STUDY MATERIAL.
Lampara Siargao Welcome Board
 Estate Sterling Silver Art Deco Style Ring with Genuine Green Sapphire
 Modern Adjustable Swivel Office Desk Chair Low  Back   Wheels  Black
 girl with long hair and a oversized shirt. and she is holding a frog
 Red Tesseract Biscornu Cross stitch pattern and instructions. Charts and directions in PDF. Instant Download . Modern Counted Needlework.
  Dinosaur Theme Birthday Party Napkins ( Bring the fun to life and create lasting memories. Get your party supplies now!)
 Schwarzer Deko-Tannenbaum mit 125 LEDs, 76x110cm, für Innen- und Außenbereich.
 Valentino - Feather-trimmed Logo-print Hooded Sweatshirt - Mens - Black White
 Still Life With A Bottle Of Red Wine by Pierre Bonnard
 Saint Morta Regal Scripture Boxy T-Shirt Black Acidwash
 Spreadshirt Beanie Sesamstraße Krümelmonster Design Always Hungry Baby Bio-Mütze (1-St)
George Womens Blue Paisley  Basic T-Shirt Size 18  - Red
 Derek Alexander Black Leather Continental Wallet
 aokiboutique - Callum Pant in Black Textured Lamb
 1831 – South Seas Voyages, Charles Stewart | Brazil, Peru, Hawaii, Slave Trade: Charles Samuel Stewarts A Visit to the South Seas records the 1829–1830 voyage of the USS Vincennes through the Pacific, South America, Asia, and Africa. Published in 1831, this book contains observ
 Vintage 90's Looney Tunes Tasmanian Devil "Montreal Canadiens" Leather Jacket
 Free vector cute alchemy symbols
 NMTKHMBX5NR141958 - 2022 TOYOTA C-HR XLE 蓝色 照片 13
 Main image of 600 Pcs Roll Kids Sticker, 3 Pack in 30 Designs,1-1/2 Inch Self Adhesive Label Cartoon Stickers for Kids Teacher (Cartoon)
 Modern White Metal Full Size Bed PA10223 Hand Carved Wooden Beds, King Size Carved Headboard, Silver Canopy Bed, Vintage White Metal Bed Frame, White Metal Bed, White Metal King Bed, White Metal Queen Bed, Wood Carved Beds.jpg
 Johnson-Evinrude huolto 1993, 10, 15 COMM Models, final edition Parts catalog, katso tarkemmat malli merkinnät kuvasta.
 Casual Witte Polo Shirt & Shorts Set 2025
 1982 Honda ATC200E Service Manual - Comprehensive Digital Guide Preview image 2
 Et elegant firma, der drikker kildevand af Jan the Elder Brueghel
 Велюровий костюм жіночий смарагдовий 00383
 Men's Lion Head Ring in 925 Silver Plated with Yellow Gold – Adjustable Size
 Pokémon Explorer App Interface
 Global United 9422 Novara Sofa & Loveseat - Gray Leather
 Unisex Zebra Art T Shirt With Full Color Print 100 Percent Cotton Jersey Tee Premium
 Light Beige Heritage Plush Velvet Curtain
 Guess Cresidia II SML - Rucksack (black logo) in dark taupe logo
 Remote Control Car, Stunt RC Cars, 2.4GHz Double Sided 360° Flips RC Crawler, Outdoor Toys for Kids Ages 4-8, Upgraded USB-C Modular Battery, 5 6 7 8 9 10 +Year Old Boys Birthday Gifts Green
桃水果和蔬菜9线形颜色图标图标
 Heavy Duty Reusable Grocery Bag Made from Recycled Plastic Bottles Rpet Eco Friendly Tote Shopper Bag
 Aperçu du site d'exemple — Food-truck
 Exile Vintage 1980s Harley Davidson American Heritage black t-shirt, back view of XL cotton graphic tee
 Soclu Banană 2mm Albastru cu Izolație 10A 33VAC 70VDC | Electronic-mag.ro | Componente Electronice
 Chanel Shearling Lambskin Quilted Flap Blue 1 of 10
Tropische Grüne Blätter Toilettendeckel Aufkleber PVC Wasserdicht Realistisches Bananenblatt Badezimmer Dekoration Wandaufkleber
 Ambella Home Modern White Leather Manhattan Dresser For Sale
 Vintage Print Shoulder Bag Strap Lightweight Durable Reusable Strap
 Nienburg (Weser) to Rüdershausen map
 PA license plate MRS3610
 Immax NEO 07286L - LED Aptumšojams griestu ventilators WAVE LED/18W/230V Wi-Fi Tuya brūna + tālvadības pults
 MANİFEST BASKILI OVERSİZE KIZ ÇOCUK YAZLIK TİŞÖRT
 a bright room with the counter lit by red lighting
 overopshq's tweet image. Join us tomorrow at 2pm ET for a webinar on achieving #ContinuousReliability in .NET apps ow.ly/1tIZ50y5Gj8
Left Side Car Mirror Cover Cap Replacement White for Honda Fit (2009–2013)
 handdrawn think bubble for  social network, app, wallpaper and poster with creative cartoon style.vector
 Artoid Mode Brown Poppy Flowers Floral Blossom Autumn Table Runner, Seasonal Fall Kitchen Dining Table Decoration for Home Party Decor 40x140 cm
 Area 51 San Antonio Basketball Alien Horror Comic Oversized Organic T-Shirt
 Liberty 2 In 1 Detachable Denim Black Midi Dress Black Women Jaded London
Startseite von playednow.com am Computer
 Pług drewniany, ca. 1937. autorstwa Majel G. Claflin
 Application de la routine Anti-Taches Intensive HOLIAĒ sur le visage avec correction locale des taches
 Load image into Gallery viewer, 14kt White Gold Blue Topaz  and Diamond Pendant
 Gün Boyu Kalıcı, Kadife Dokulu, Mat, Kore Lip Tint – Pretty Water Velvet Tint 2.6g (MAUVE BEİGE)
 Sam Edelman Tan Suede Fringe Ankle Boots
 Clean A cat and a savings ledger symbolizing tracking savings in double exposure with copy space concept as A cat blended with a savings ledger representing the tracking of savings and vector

BRIEF.
From the records above, tally every line that contains the string "Kids"; the reply consists of that number alone.

WRITTEN RESPONSE.
2